I want to set dropout to be 0.5 in all the different layers. Starting from the first layer when I do : model_ft._modules["pos_drop"] = nn.Dropout(0.5, inplace=True), it works for the first instance of the dropout but when I want to do the same thing for the second dropout and I try model_ft._modules["blocks"].attn.proj_drop = nn.Dropout(0.5, inplace=True), it throws an error.

The real problem is that I don’t know how to access the dropout layers in the network and set them all to non-zero values.

I would be very thankful to you if you could help me with how to access the different layers of the model and set dropout to be true in all of them.

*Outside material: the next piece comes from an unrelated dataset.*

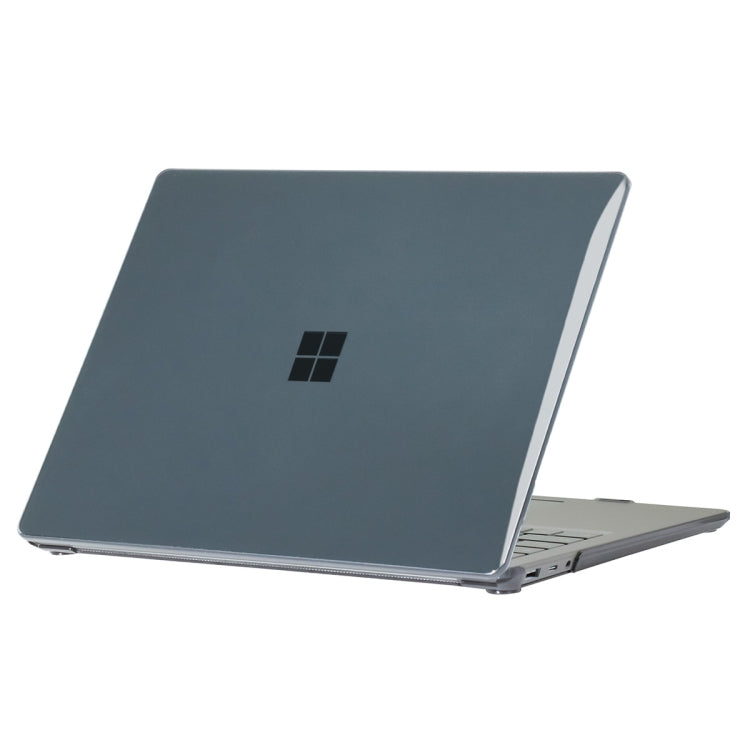 For Microsoft Surface Laptop 3/4/5 13.5 Steel 1868/1951 ENKAY Hat-Prince Shockproof Crystal Hard Case(Black) - free shipping - PMC TechLife - Order now!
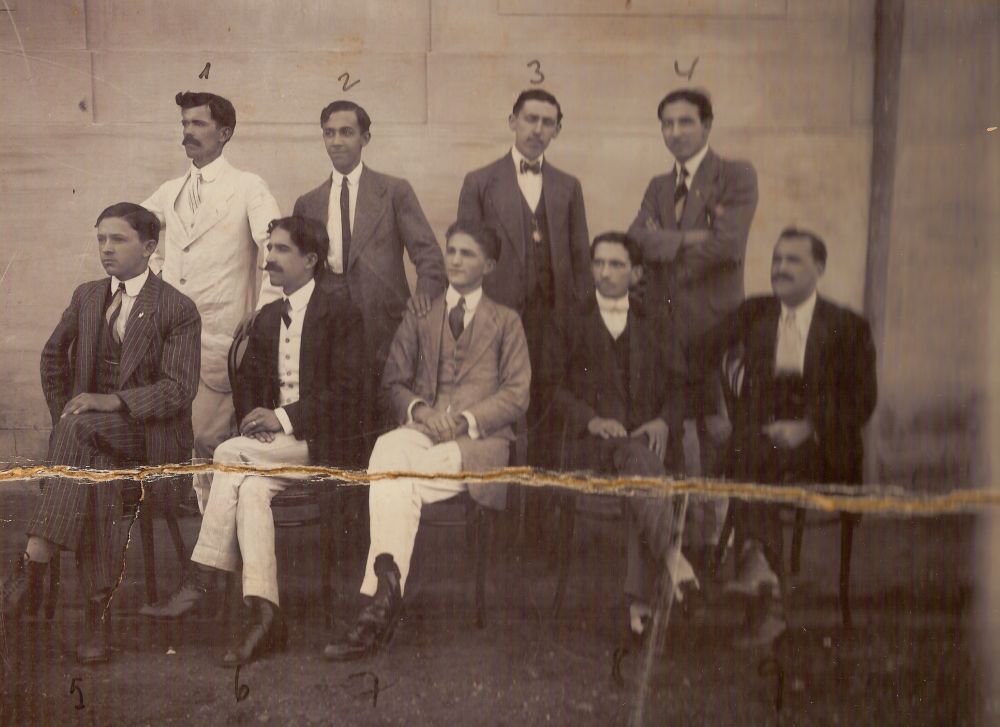 Foto - Fotos antigas de Botucatu - Acervo Maria Anna Moscogliato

You could use model.apply to iterate all modules, check if the current module is an nn.Dropout, and change the p value as seen here:

class MyModel(nn.Module):
    def __init__(self):
        super().__init__()
        self.fc1 = nn.Linear(10, 10)
        self.drop1 = nn.Dropout(p=0.0)
        self.fc2 = nn.Linear(10, 10)
        self.drop2 = nn.Dropout(p=0.0)
        self.fc3 = nn.Linear(10, 10)
        self.drop3 = nn.Dropout(p=0.0)
        
model = MyModel()
print(model)

def set_dropout_p(m, p):
    if isinstance(m, nn.Dropout):
        m.p = p

model.apply(lambda m: set_dropout_p(m, p=0.5))
print(model)
1 Like

YOU ARE A GOD ! Thank you so much it worked!
:om:

1 Like